Recorded information section start
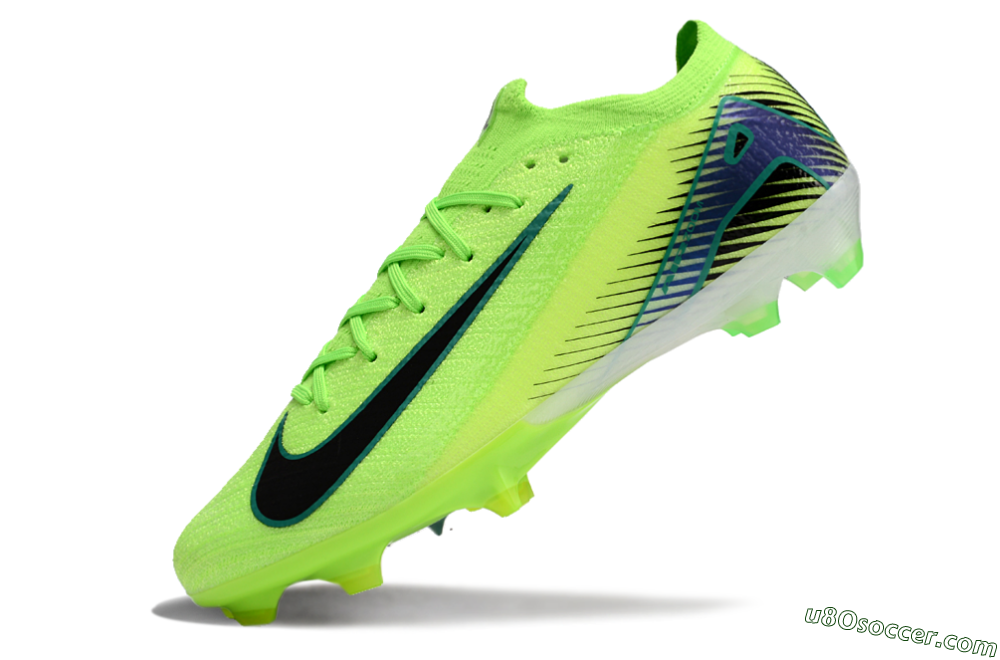 Nike Air Zoom Mercurial Vapor 16 Elite FG Firm Ground Soccer Cleats - Green/Black 5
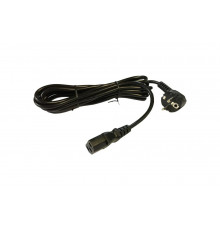 Сетевой шнур RUCELF ПВС-АП 3х0,75 S22 C13 черный 1,8 м 00-00003048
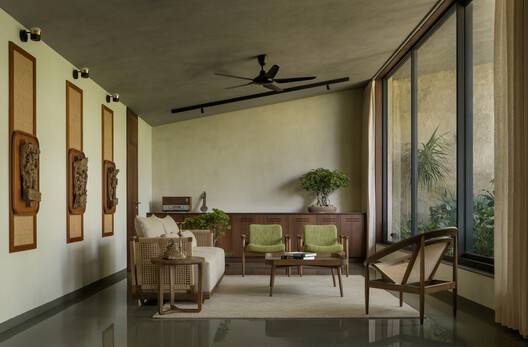Sandstone House / 4Brick Studio - Interior Photography, Dining room, Wood, Chair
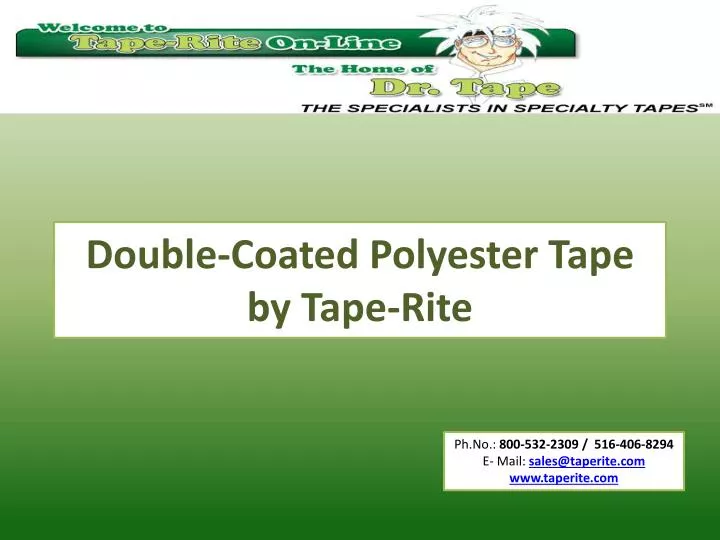 double coated polyester tape by tape rite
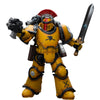 JOYTOY Warhammer 40 000 1/18 Action Figure Imperial Fists Legion MkIII Tactical Squad Sergeant with Power decorative replica blade Collection Model Christmas Birthday Gifts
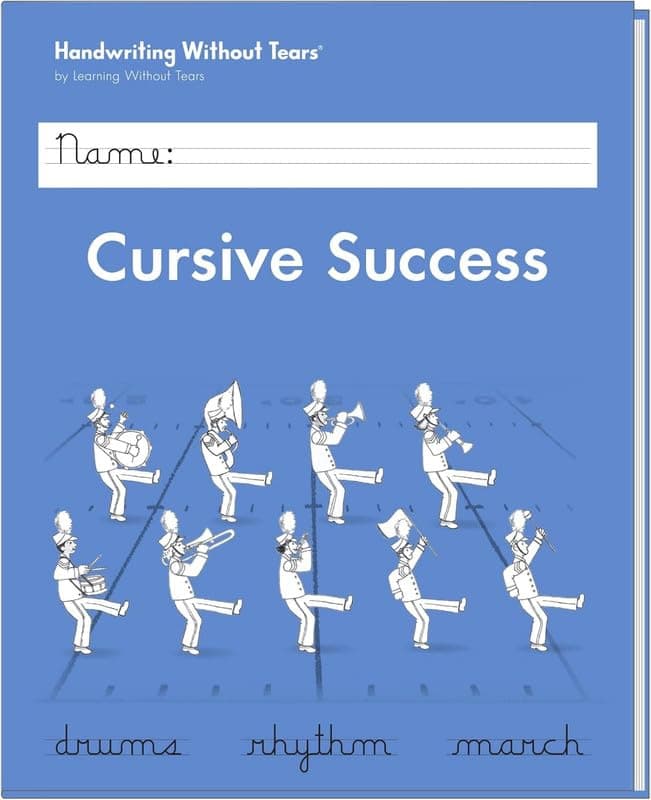 Learning Without Tears Cursive Success, Student Workbook, Age 9+, 4th Grade+, Handwriting Practice, Writing Book, School & Home, Language Arts, Tutoring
Recorded information section end
Every line of the material should be repeated precisely; pictures are to be excluded.

 Nike Air Zoom Mercurial Vapor 16 Elite FG Firm Ground Soccer Cleats - Green/Black 5
 Сетевой шнур RUCELF ПВС-АП 3х0,75 S22 C13 черный 1,8 м 00-00003048
Sandstone House / 4Brick Studio - Interior Photography, Dining room, Wood, Chair
 double coated polyester tape by tape rite
 JOYTOY Warhammer 40 000 1/18 Action Figure Imperial Fists Legion MkIII Tactical Squad Sergeant with Power decorative replica blade Collection Model Christmas Birthday Gifts
 Learning Without Tears Cursive Success, Student Workbook, Age 9+, 4th Grade+, Handwriting Practice, Writing Book, School & Home, Language Arts, Tutoring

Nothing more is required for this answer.